Exercise
From the listing below, reproduce exactly the lines starting with the one with "El jardín inglés" and going on through the one with "a bedroom with two beds and a couch", both ends kept. No picture is copied.

Data for review
Start of Block

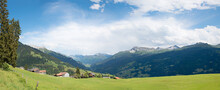 Alpine Landscape With Green Meadow, Tourist Resort Pany, Canton Grisons Switzerland
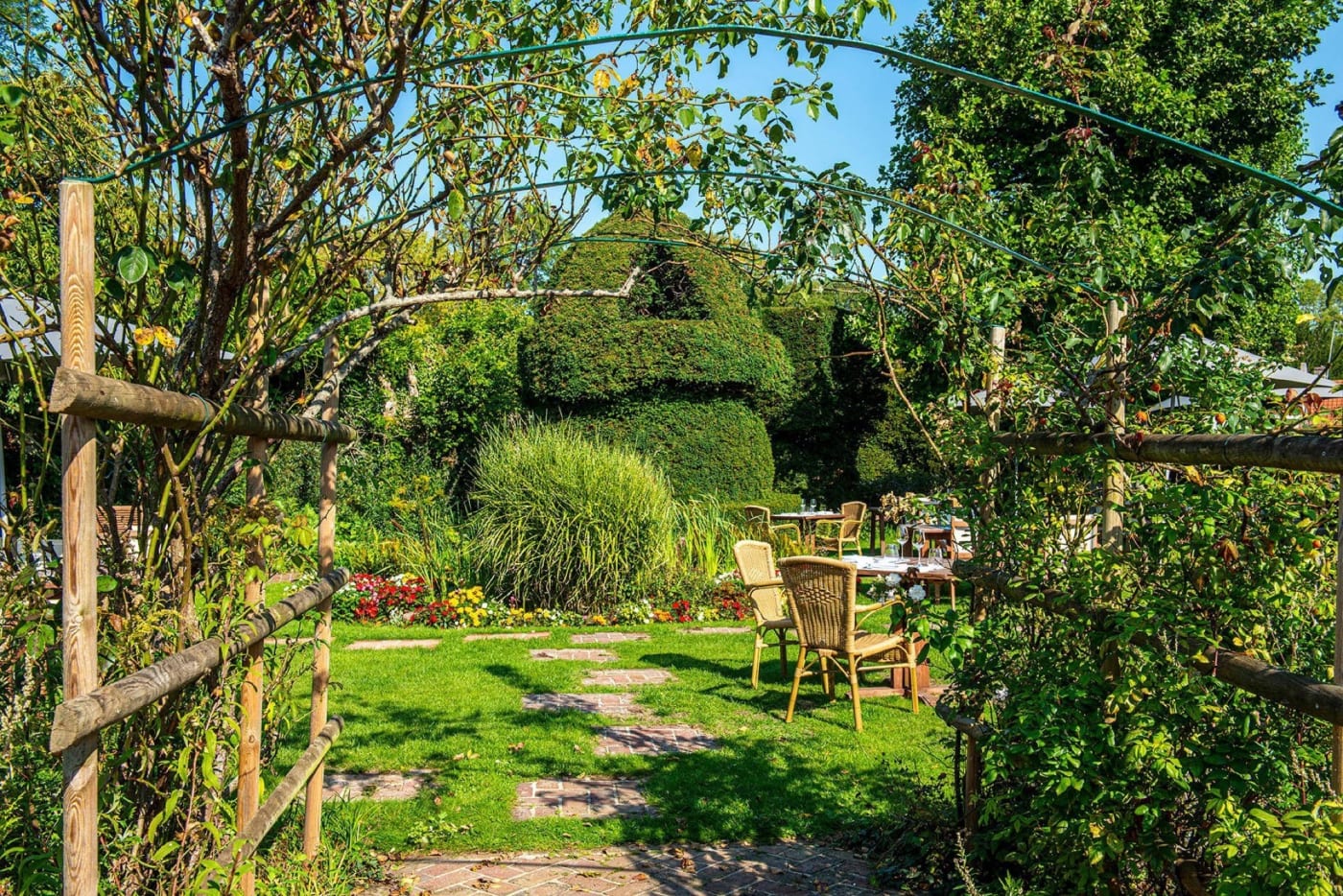 El jardín inglés de Le Château de Montreuil bajo una pérgola de rosales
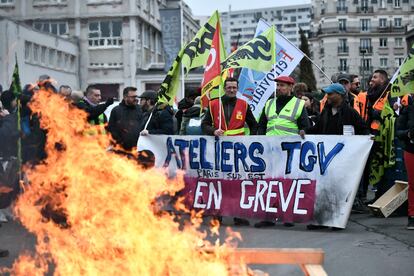 Transport workers hold a banner that reads, 'Workshop TGV Paris South East on Strike' during a protest called by French trade unions in outside the Gare de Lyon, in Paris on January 19, 2023.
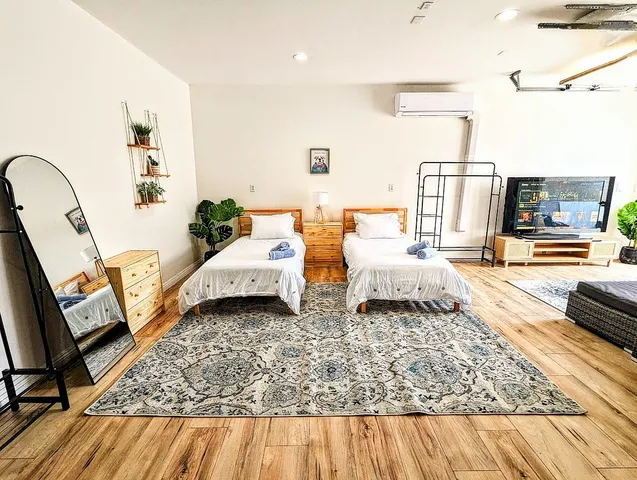 a bedroom with two beds and a couch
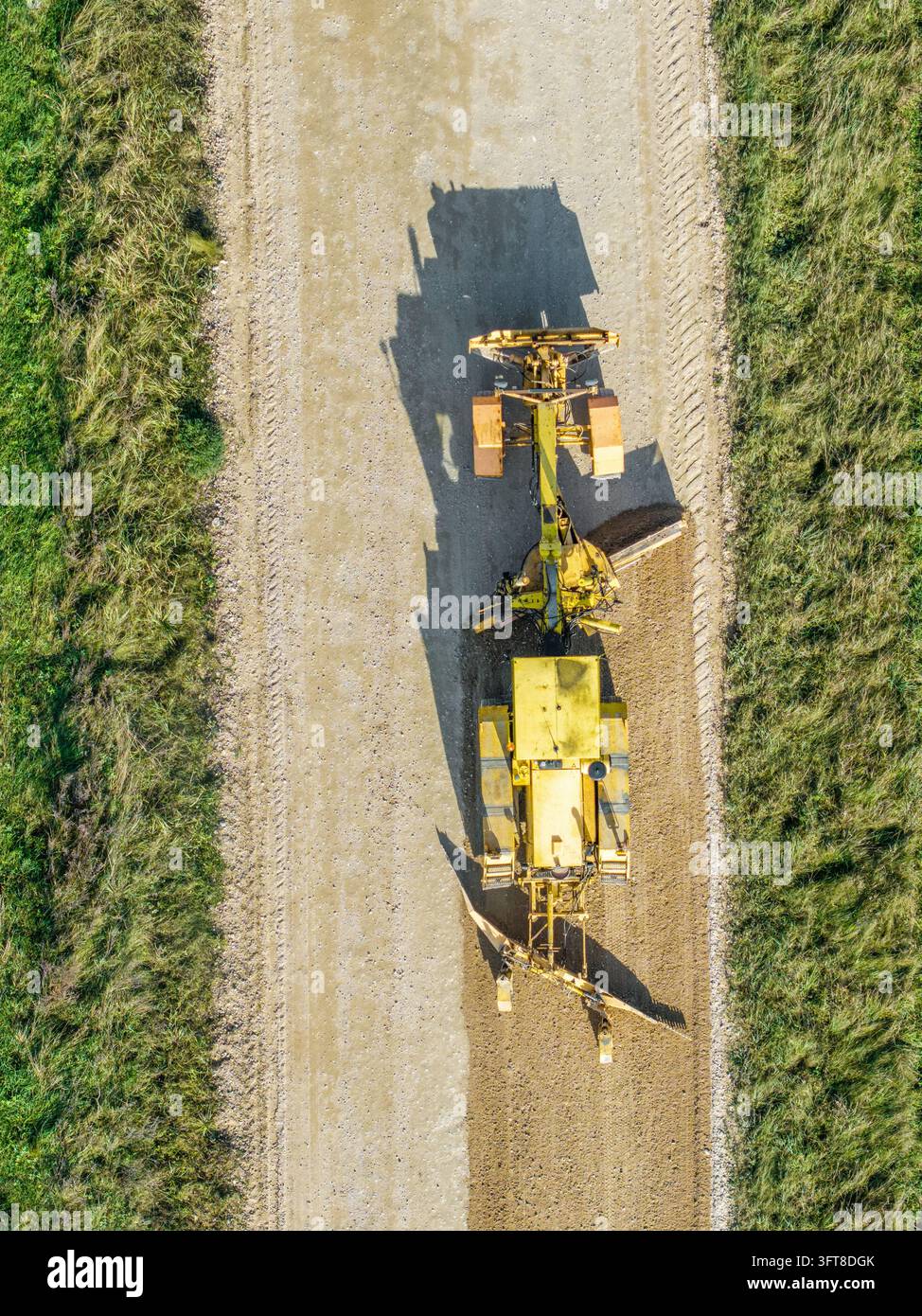 Aerial view of a yellow motor grader leveling and reshaping the surface ...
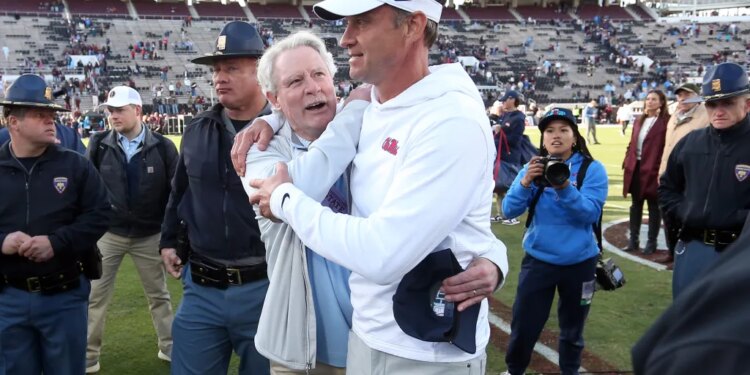 Mississippi Rebels head coach Lane Kiffin embraces chancellor Glenn Boyce after defeating the Mississippi State Bulldogs.
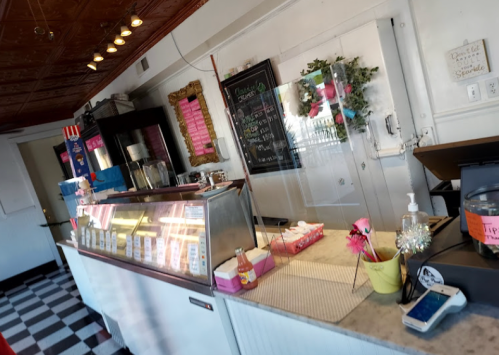 Interior of an ice cream shop featuring a service counter, menu board, and decorative elements.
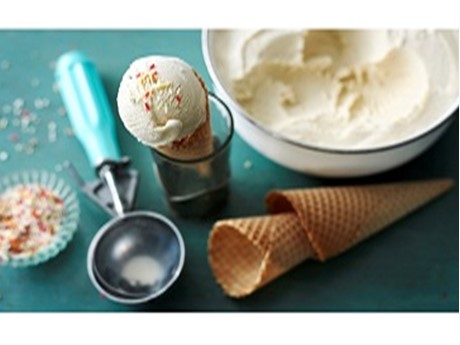 vanilla ice cream with scoop, cones, and sprinkles
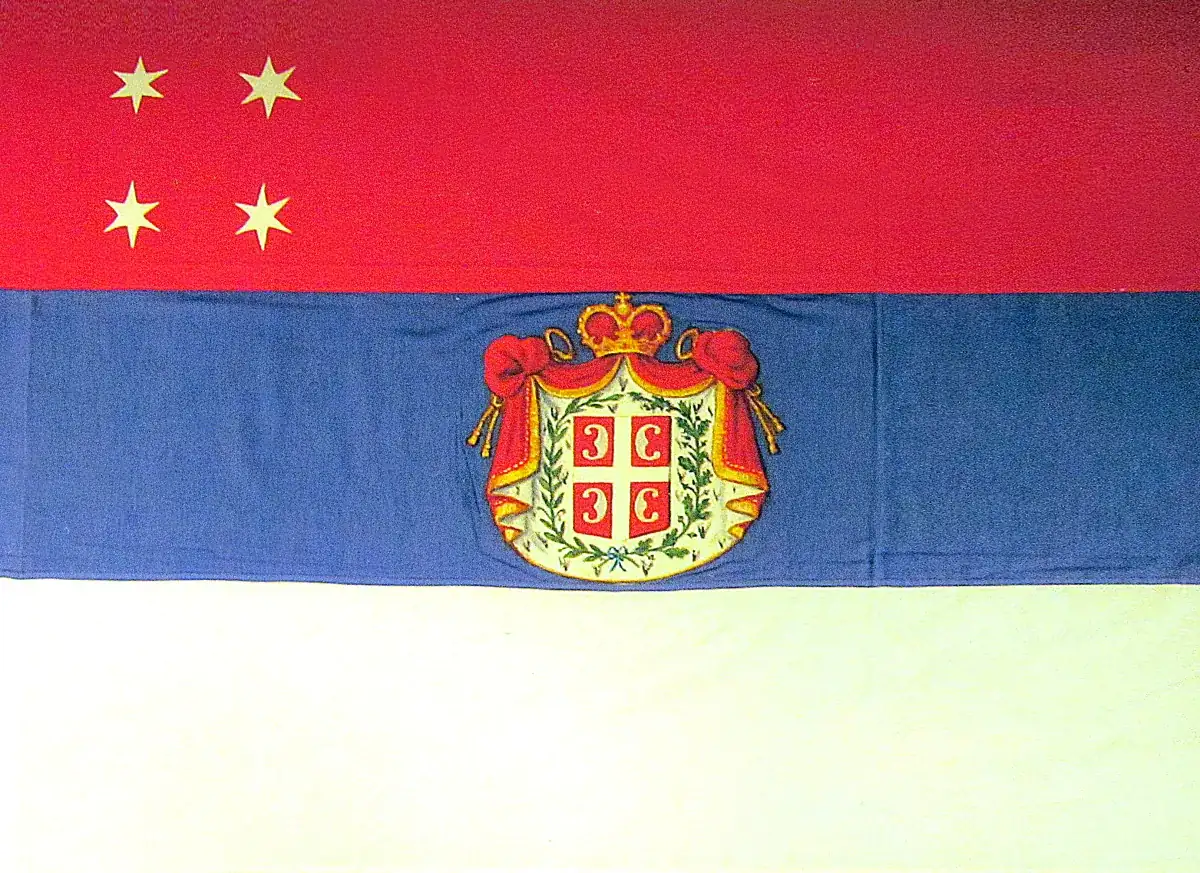 Historic red, blue and white Serbian flag with coat of arms, illustrating Serbia election results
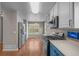 Open concept kitchen view with stainless steel refrigerator and appliances, plus blue cabinets at 22062 E Irish Dr, Aurora, CO 80016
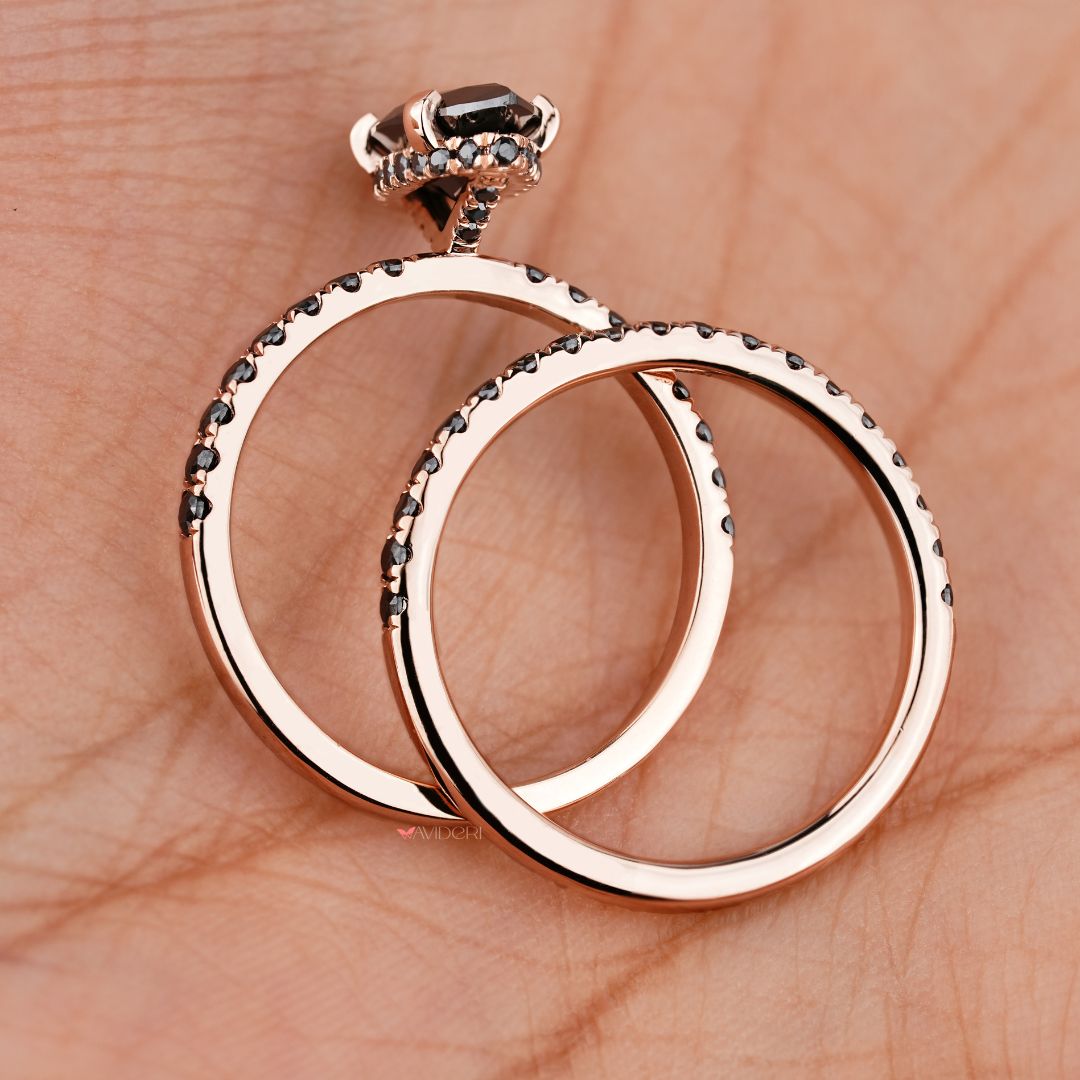 Rose gold ring featuring a marquise moissanite stone for a warm, classic appeal.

End of Block

Output of the exercise
 El jardín inglés de Le Château de Montreuil bajo una pérgola de rosales
 Transport workers hold a banner that reads, 'Workshop TGV Paris South East on Strike' during a protest called by French trade unions in outside the Gare de Lyon, in Paris on January 19, 2023.
 a bedroom with two beds and a couch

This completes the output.